ECLI:NL:GHARL:2019:6266

Gerechtshof Arnhem-Leeuwarden

Datum uitspraak
30 juli 2019
Publicatiedatum
30 juli 2019
Zaaknummer
200.259.563
Instantie
Gerechtshof Arnhem-Leeuwarden
Type
Uitspraak
Rechtsgebied
Civiel recht; Personen- en familierecht
Procedures
  • Hoger beroep
Vindplaatsen
  • Rechtspraak.nl
AI samenvatting door LexboostAutomatisch gegenereerd

Hoger beroep inzake zorgregeling en omgangsrecht tussen gescheiden ouders

In deze zaak gaat het om een hoger beroep dat is ingesteld door de vader in een geschil over de zorgregeling en omgangsrecht met zijn kinderen na de scheiding van de ouders. De vader, vertegenwoordigd door mr. P.G.W. van Wees, heeft in eerste aanleg verzocht om de kinderen met onmiddellijke ingang aan hem af te geven, terwijl de moeder, vertegenwoordigd door mr. J.E.A. van Beveren, zich verzet tegen deze vordering. De rechtbank Gelderland heeft op 8 april 2019 een vonnis uitgesproken waarin de vader werd veroordeeld om de kinderen aan de moeder af te geven, met een dwangsom voor elke dag dat hij dit nalaat. De vader heeft in hoger beroep de beslissing van de rechtbank bestreden en verzocht om wijziging van de zorg- en contactregeling, die op 3 juli 2019 door de rechtbank was vastgesteld.

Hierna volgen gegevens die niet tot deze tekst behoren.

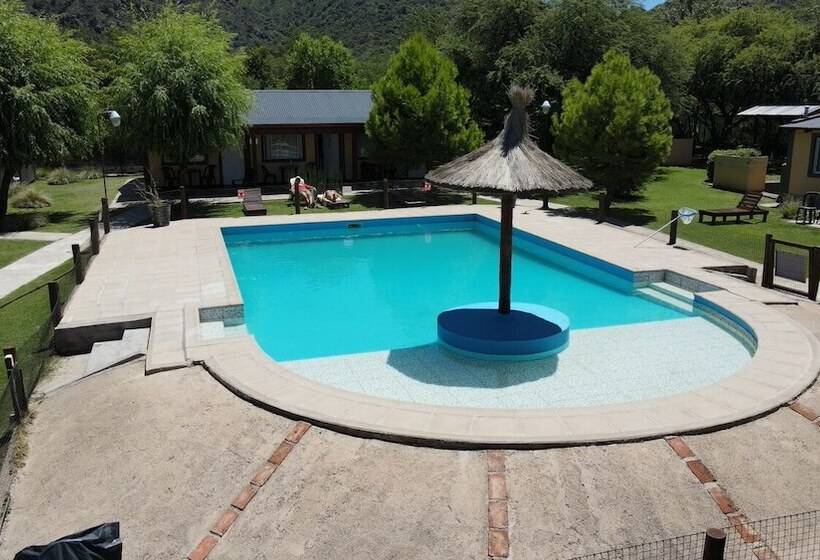 ホテル Estacion Potrero Cabañas Y Habitaciones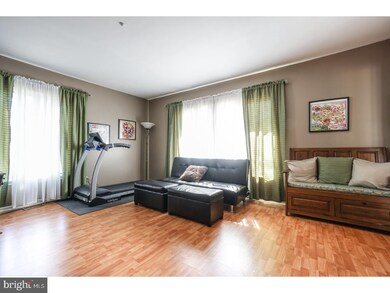 13 Bronwood Dr, Voorhees, NJ 08043 - photo 2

Het hof heeft de procedure in hoger beroep beoordeeld en vastgesteld dat de vader zijn eis heeft gewijzigd, wat in strijd is met de goede procesorde. Het hof oordeelt dat de vader geen spoedeisend belang meer heeft bij zijn vordering tot vernietiging van het bestreden vonnis, gezien de recente ontwikkelingen in de zorgregeling. De raad voor de Kinderbescherming heeft geadviseerd dat de omgang onder regie van de gezinsvoogd dient plaats te vinden, gezien de onrustige situatie tussen de ouders en de impact daarvan op de kinderen. Het hof heeft geconcludeerd dat de grieven van de vader falen en dat het bestreden vonnis moet worden bekrachtigd. De beslissing van het hof is op 30 juli 2019 openbaar uitgesproken.

Uitspraak

GERECHTSHOF ARNHEM-LEEUWARDEN

locatie Arnhem
afdeling civiel recht, handel/familie
zaaknummer gerechtshof 200.259.563
(zaaknummer rechtbank Gelderland, 351808)
arrest in kort geding van 30 juli 2019
in de zaak van
[appellant],
wonende te [woonplaats] ,
appellant,
gedaagde in eerste aanleg,
hierna: de vader,
advocaat: mr. P.G.W. van Wees te Arnhem,
tegen:
[geïntimeerde],
wonende te [woonplaats] ,
geïntimeerde,
eiseres in eerste aanleg,
hierna: de moeder,
advocaat: mr. J.E.A. van Beveren te Arnhem.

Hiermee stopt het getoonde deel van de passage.